Washington is the latest state to approve Verizon’s planned sale of wireline operations to Frontier Communications. The state’s Utilities and Transportation Commission gave the deal the go-ahead on Friday.
“Frontier looks forward to introducing its products and customer-first service to Washingtonians,” said Dan McCarthy, executive vice president and COO of Frontier. “We believe that access to broadband is connected to good jobs, education, health care, public safety and quality of life. We are committed to extending broadband reach and penetration, to offering value-added phone, video and Internet products and services, and to operating FiOS in 18 municipalities in the state.”

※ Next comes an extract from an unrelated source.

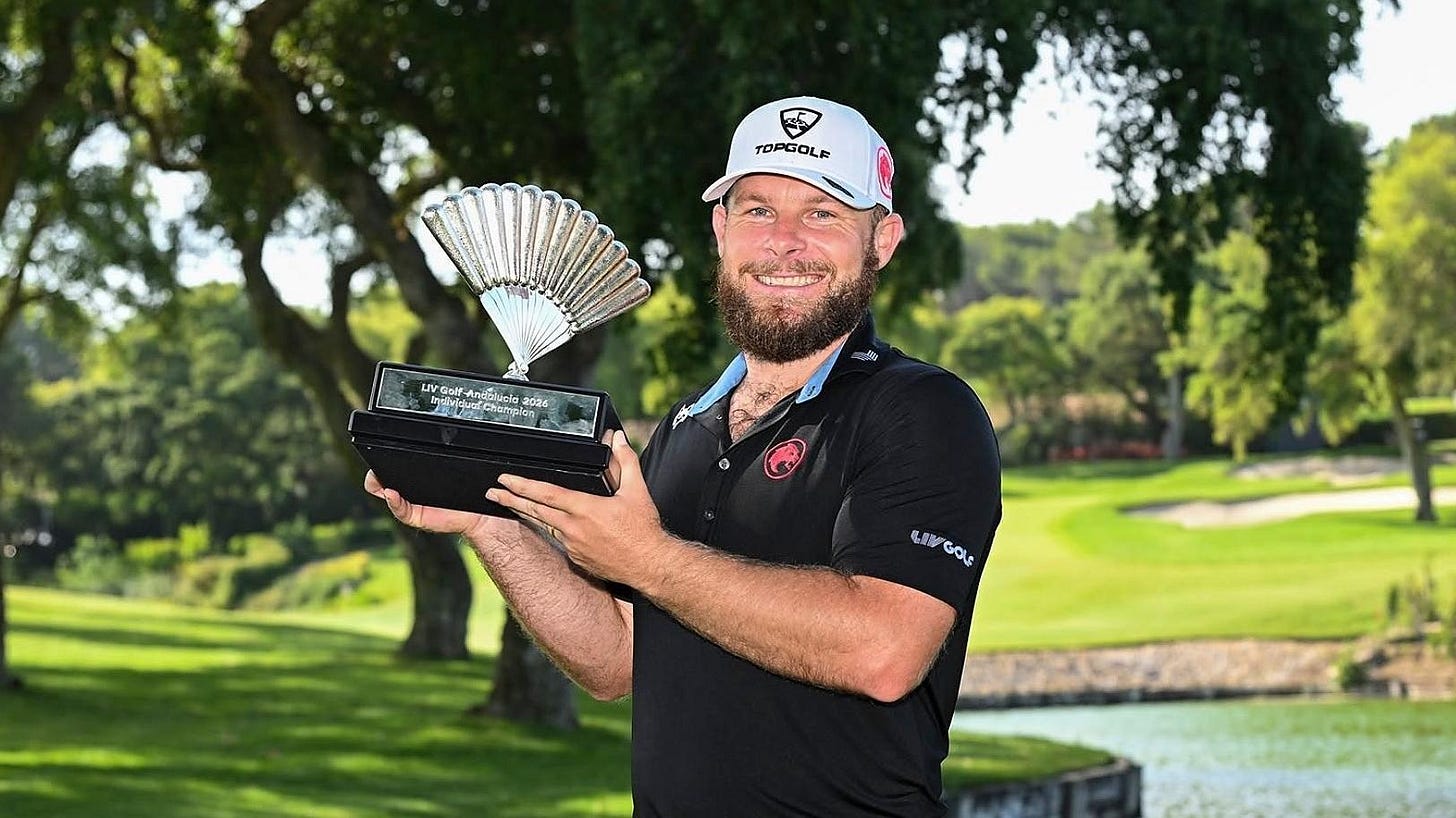 News* Tyrrell Hatton Triumphs at LIV Golf Andalucía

Approval to transfer control of local cable TV franchises to Frontier for the FiOS markets in Washington was received in January 2010, subject to meeting certain conditions of such approvals.

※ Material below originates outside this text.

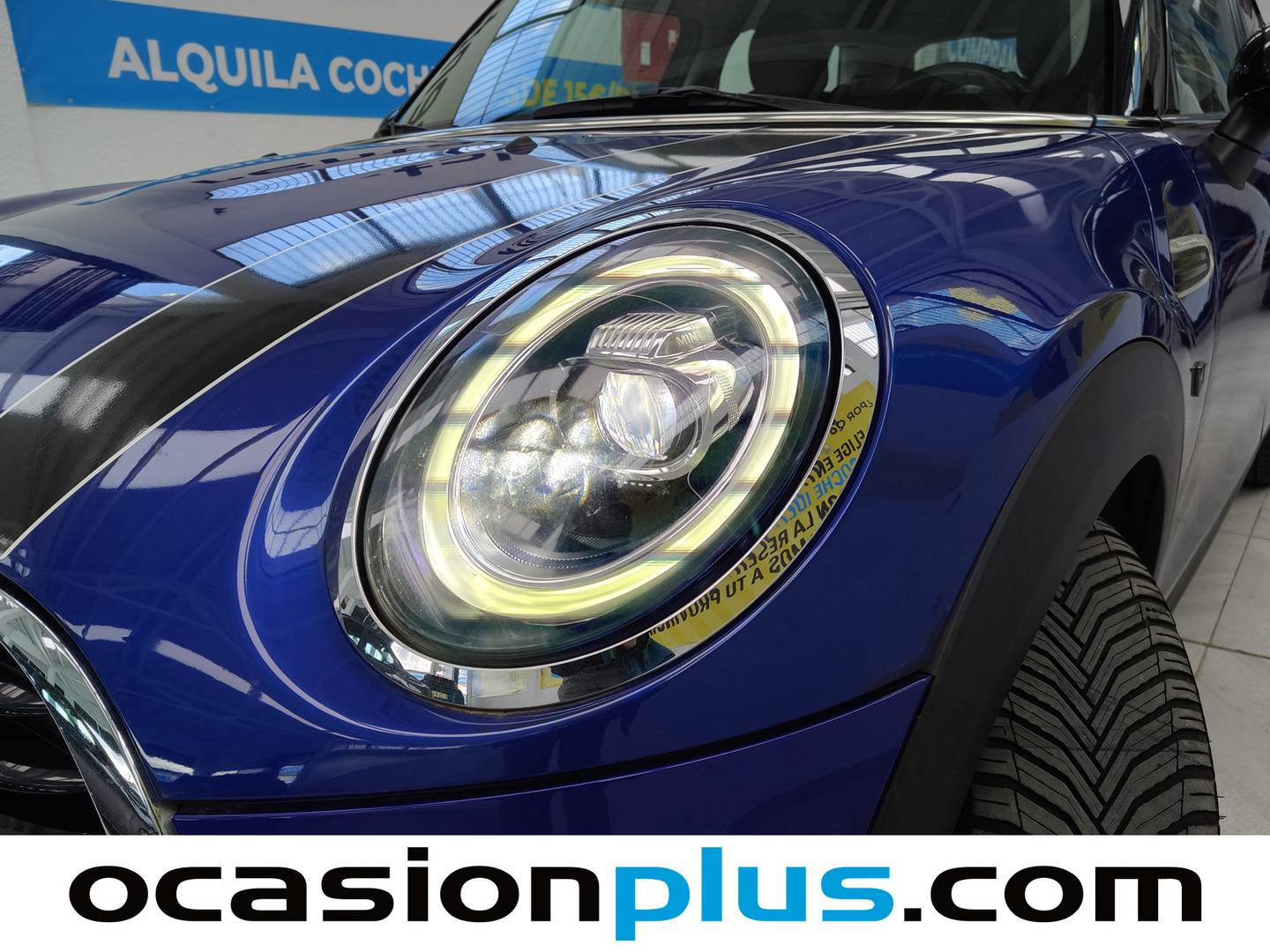 Extras del Mini MINI Mini MINI Cooper 5 Puertas D (116 CV)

Washington is the seventh state to approve the transaction, joining Oregon, Arizona, Ohio, Nevada, South Carolina and California. In Oregon, Frontier received all necessary approvals from authorities required to transfer control of local cable TV franchises to Frontier, subject to meeting certain conditions of such approvals.

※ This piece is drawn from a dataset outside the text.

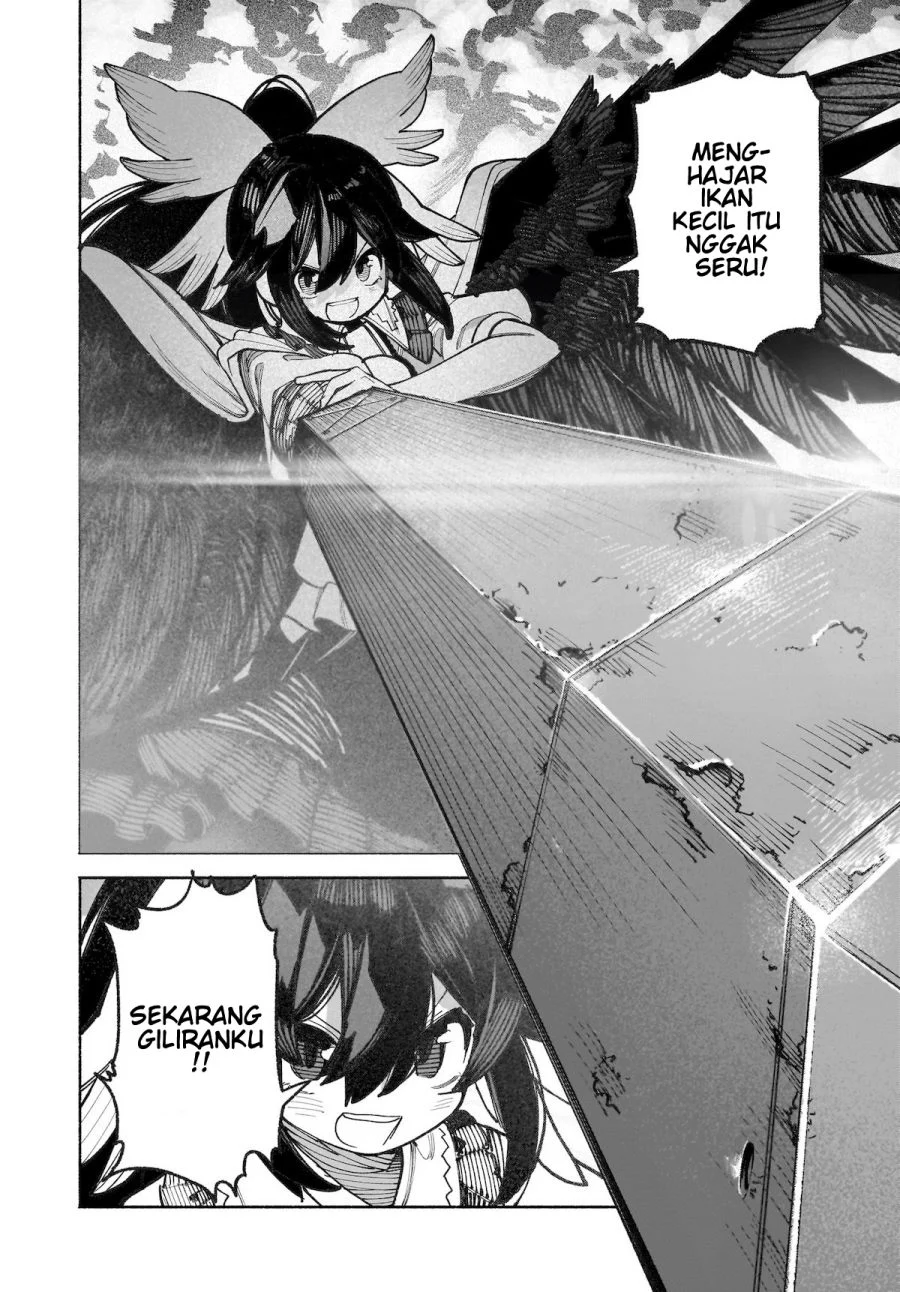 Touhou Chireikiden: Hansoku Tantei Satori Chapter 36 - halaman 16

But the deal still needs approval in a pair of battleground states — Illinois and West Virginia. In recent weeks, an Illinois judge recommended that regulators in the Land of Lincoln not approve the deal. West Virginia, where thousands have signed a petition asking for blockage of the sale, is probably the most contentious of all. Labor unions, who are backing the opponents, say a Frontier-Verizon deal would hurt customers because Frontier might have to shoulder too much debt to properly manage its network and customer-service obligations. Both companies have said that’s simply not true.